● **DATA FOR THIS EXERCISE**:

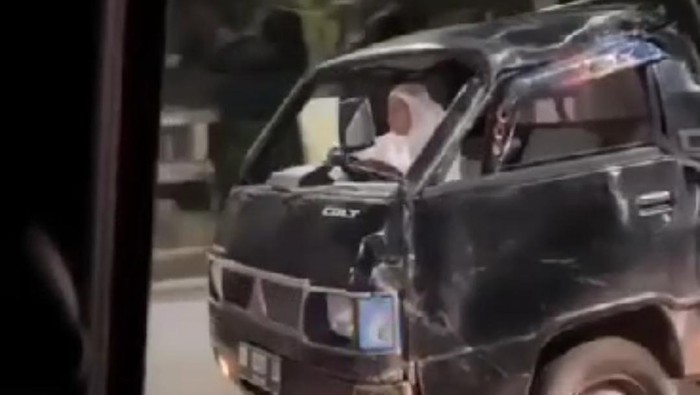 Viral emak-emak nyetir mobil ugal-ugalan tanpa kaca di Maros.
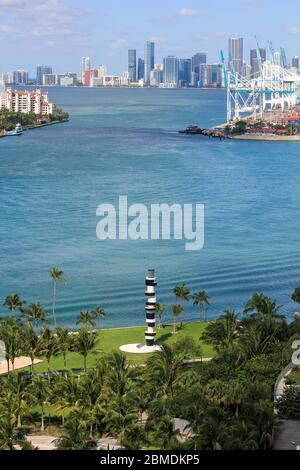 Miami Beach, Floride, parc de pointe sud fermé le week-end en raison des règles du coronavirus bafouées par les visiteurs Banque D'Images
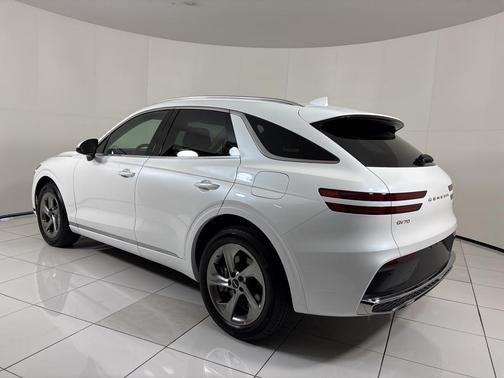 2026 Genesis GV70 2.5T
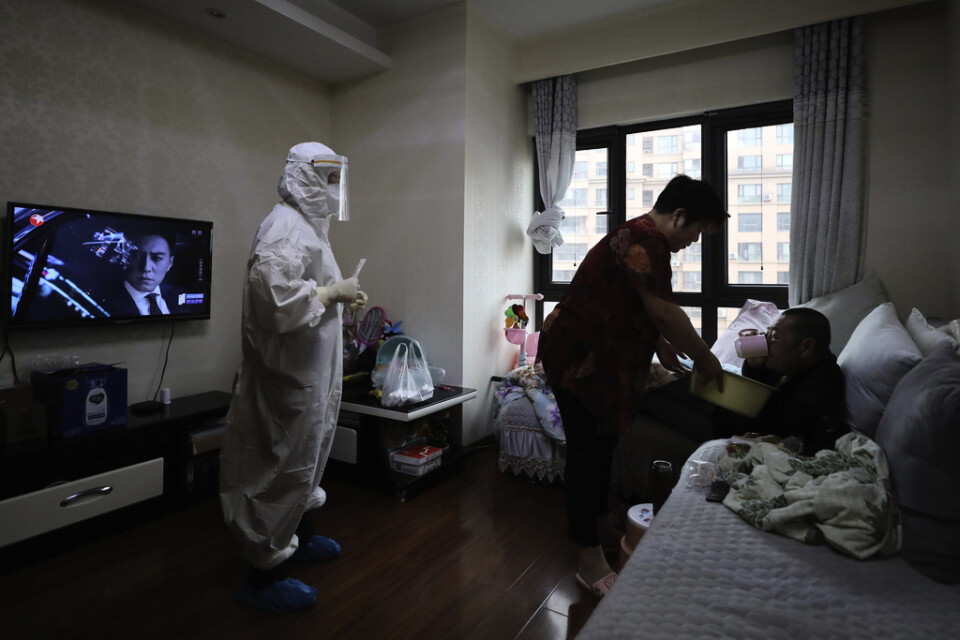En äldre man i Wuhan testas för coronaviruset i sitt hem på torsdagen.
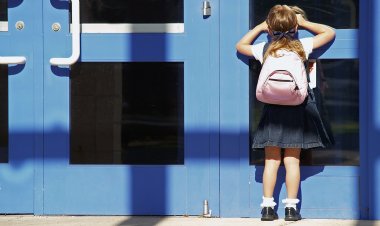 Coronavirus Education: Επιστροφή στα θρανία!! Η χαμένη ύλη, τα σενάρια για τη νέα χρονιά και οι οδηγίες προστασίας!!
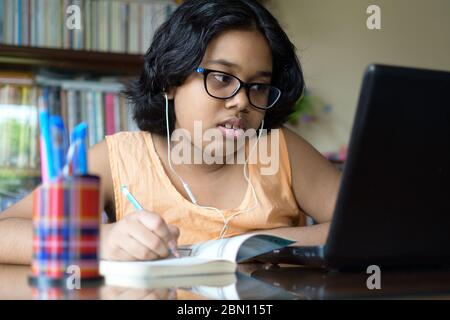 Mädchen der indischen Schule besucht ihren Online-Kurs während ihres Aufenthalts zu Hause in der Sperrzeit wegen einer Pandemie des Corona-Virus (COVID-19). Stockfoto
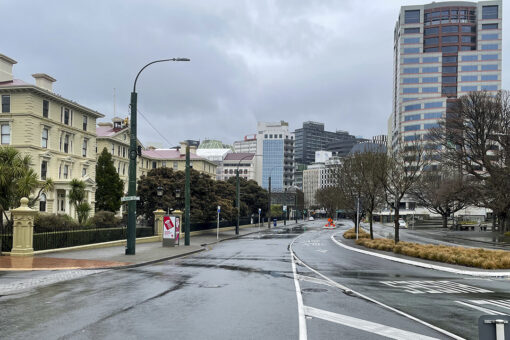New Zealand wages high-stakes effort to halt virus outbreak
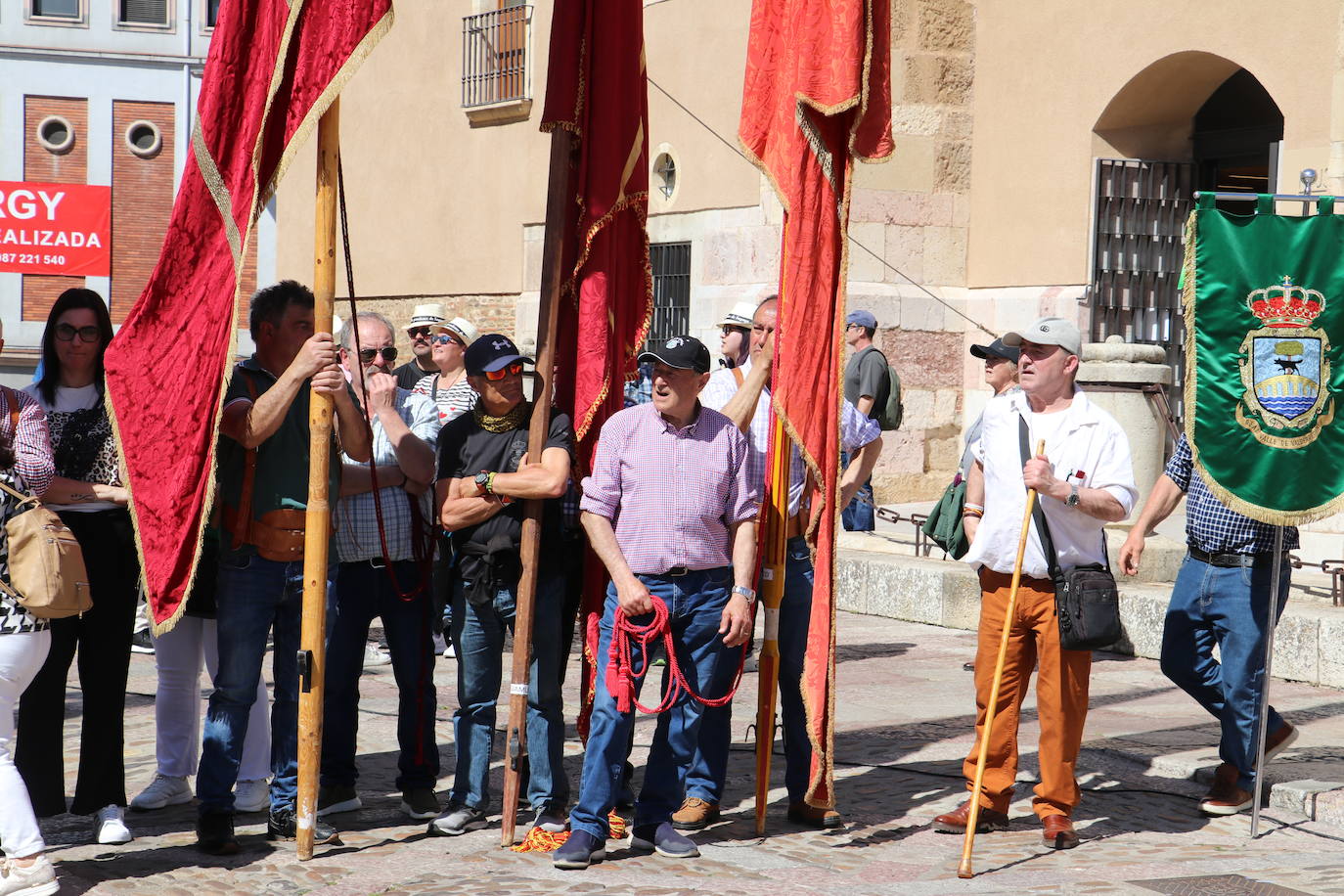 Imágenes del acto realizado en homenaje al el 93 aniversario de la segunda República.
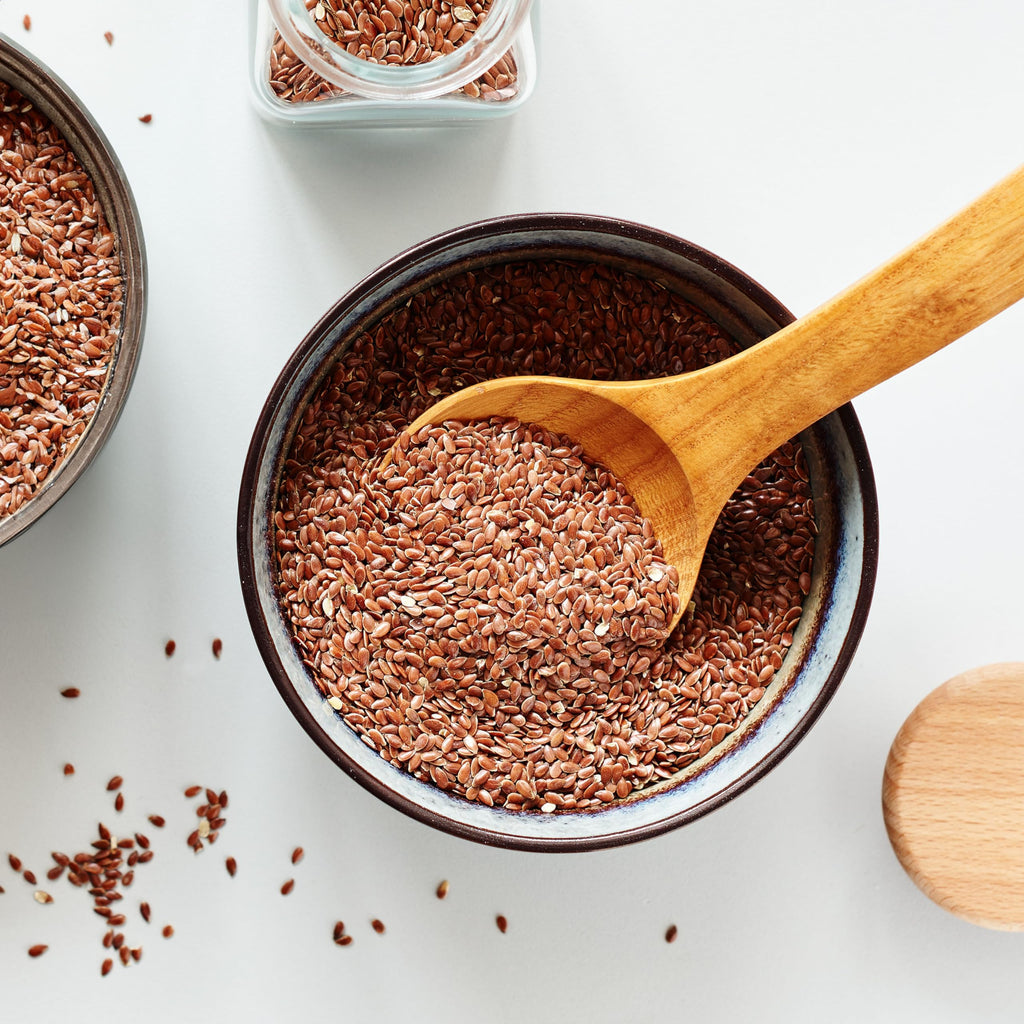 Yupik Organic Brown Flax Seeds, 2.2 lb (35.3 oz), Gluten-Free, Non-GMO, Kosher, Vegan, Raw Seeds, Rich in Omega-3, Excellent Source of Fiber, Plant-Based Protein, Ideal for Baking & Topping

● **AIM OF THE TASK**: Beginning with the line containing "Coronavirus Education: Επιστροφή" and ending with the last line of the material, output each line exactly; do not include pictures.

● **RESPONSE BELOW**:
 Coronavirus Education: Επιστροφή στα θρανία!! Η χαμένη ύλη, τα σενάρια για τη νέα χρονιά και οι οδηγίες προστασίας!!
 Mädchen der indischen Schule besucht ihren Online-Kurs während ihres Aufenthalts zu Hause in der Sperrzeit wegen einer Pandemie des Corona-Virus (COVID-19). Stockfoto
New Zealand wages high-stakes effort to halt virus outbreak
 Imágenes del acto realizado en homenaje al el 93 aniversario de la segunda República.
 Yupik Organic Brown Flax Seeds, 2.2 lb (35.3 oz), Gluten-Free, Non-GMO, Kosher, Vegan, Raw Seeds, Rich in Omega-3, Excellent Source of Fiber, Plant-Based Protein, Ideal for Baking & Topping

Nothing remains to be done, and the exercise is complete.